----- SOURCE INFORMATION -----

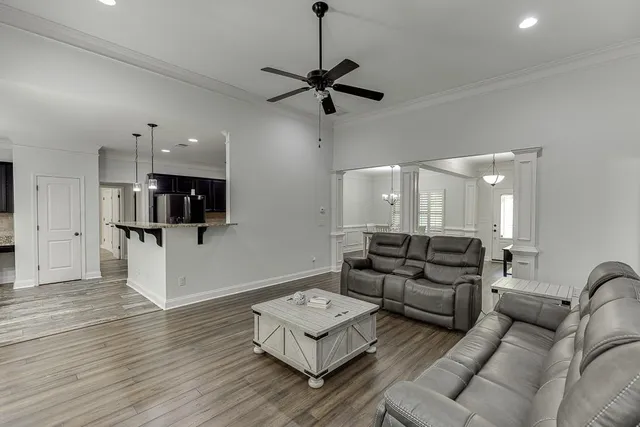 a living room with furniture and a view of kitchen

-----
----- SOURCE INFORMATION -----

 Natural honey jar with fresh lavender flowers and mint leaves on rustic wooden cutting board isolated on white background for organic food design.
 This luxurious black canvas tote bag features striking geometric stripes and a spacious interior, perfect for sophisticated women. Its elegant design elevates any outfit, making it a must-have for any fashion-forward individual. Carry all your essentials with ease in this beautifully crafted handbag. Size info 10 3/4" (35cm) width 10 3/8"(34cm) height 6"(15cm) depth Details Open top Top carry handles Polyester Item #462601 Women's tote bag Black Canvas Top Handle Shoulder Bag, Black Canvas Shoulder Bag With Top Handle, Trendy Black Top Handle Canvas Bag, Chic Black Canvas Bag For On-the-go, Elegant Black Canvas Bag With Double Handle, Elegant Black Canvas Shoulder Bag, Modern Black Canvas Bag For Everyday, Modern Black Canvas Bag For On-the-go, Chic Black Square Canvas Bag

-----

Go through the entries above and copy each line holding the string "design".

 Natural honey jar with fresh lavender flowers and mint leaves on rustic wooden cutting board isolated on white background for organic food design.
 This luxurious black canvas tote bag features striking geometric stripes and a spacious interior, perfect for sophisticated women. Its elegant design elevates any outfit, making it a must-have for any fashion-forward individual. Carry all your essentials with ease in this beautifully crafted handbag. Size info 10 3/4" (35cm) width 10 3/8"(34cm) height 6"(15cm) depth Details Open top Top carry handles Polyester Item #462601 Women's tote bag Black Canvas Top Handle Shoulder Bag, Black Canvas Shoulder Bag With Top Handle, Trendy Black Top Handle Canvas Bag, Chic Black Canvas Bag For On-the-go, Elegant Black Canvas Bag With Double Handle, Elegant Black Canvas Shoulder Bag, Modern Black Canvas Bag For Everyday, Modern Black Canvas Bag For On-the-go, Chic Black Square Canvas Bag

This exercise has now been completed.